Recorded data

--- START ---

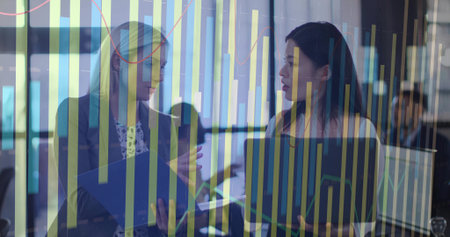 Discussing businesswomen in blazers holding blue folder, laptop in open office, with chart overlay. Collaboration, office, modern, technology, teamwork, analytics, professionalの写真素材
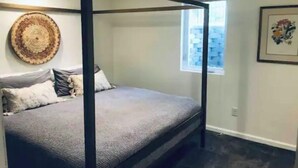 A four-poster bed in a room with a city view.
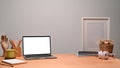 Llaptop with white screen at designer workspace. Royalty Free Stock Photo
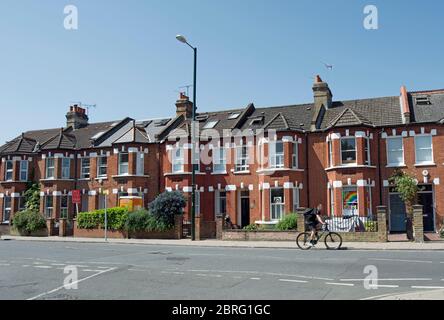 Ein Radsportler geht an einer Terrasse mit gut gepflegten viktorianischen Häusern in twickenham, middlesex, england vorbei Stockfoto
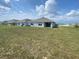 Large backyard with green grass; the back of other houses are visible at 8864 Sw 49Th Cir, Ocala, FL 34476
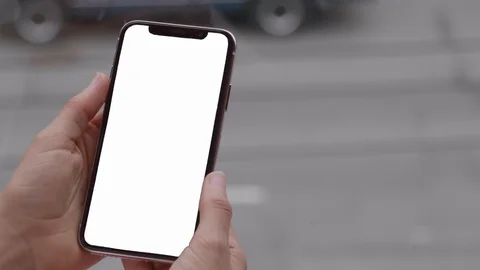 IPhone X Hands Holding New Smartphone Mobile Phone Isolated Background Street Stock Footage 98962377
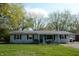 Exterior view of home with mature trees at 10360 Wilson Rd, Brownsburg, IN 46112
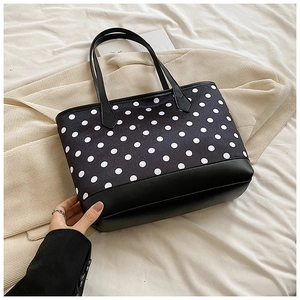 Close-up of stylish polka dot tote bag with leather拼接 detailing and shoulder straps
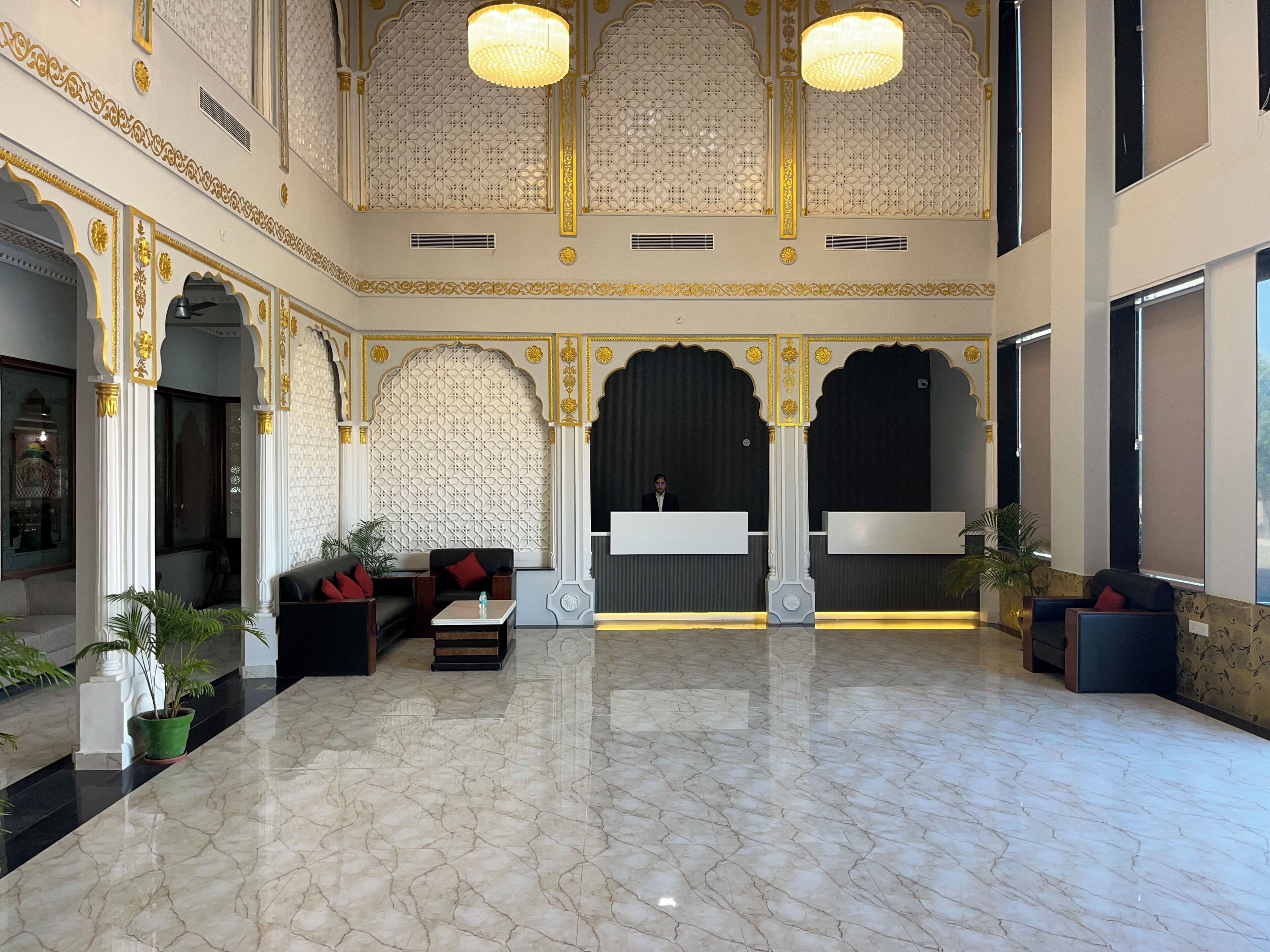 A spacious lobby with marble flooring, ornate arches, and a reception desk.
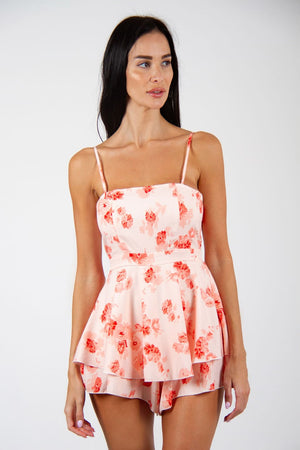 Fierce Playsuit - New floral print playsuit, in white and red colors. Model posing for front view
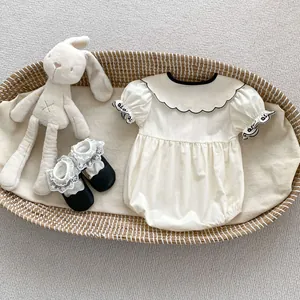 Close-up of beige baby romper with black scalloped collar and cute matching shoes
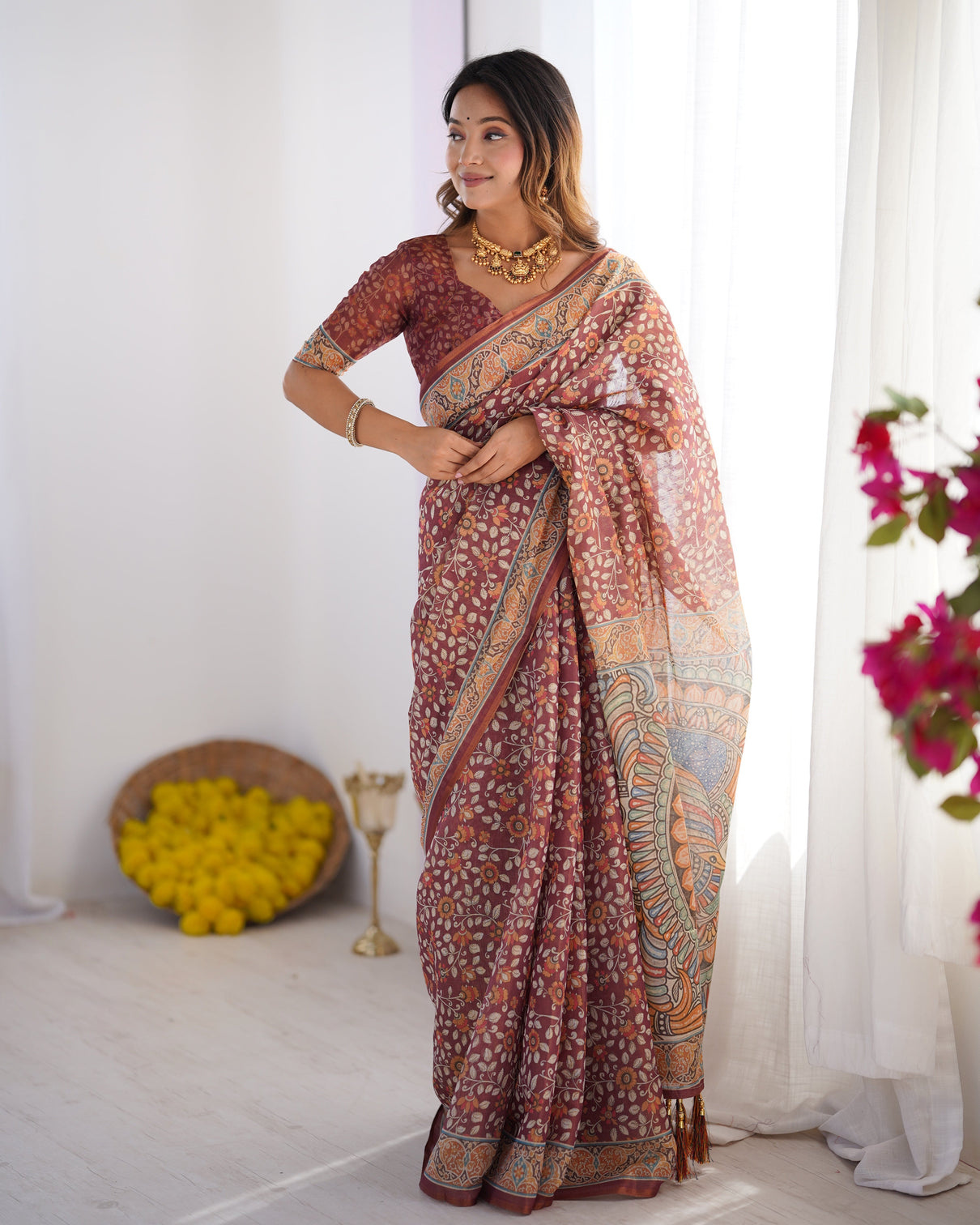 Maroon pure linen cotton handloom saree with floral buti print and madhubani fish art pallu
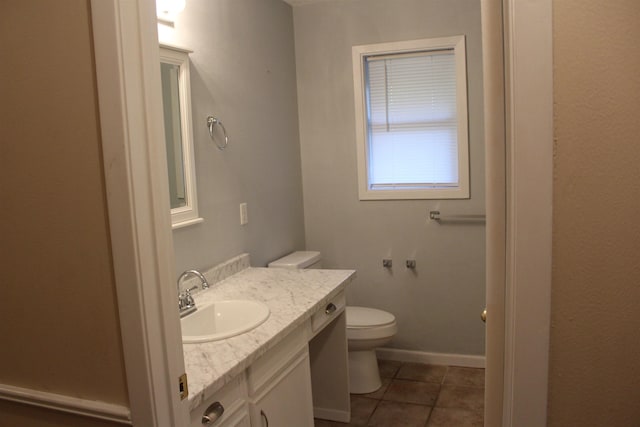 bathroom featuring tile patterned floors, vanity, and toilet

--- END ---

◆ **Exercise details**:
Apart from the images, every line above needs to be printed again exactly.

◆ **Output**:
 Discussing businesswomen in blazers holding blue folder, laptop in open office, with chart overlay. Collaboration, office, modern, technology, teamwork, analytics, professionalの写真素材
 A four-poster bed in a room with a city view.
 Llaptop with white screen at designer workspace. Royalty Free Stock Photo
 Ein Radsportler geht an einer Terrasse mit gut gepflegten viktorianischen Häusern in twickenham, middlesex, england vorbei Stockfoto
 Large backyard with green grass; the back of other houses are visible at 8864 Sw 49Th Cir, Ocala, FL 34476
 IPhone X Hands Holding New Smartphone Mobile Phone Isolated Background Street Stock Footage 98962377
 Exterior view of home with mature trees at 10360 Wilson Rd, Brownsburg, IN 46112
 Close-up of stylish polka dot tote bag with leather拼接 detailing and shoulder straps
 A spacious lobby with marble flooring, ornate arches, and a reception desk.
 Fierce Playsuit - New floral print playsuit, in white and red colors. Model posing for front view
 Close-up of beige baby romper with black scalloped collar and cute matching shoes
 Maroon pure linen cotton handloom saree with floral buti print and madhubani fish art pallu
 bathroom featuring tile patterned floors, vanity, and toilet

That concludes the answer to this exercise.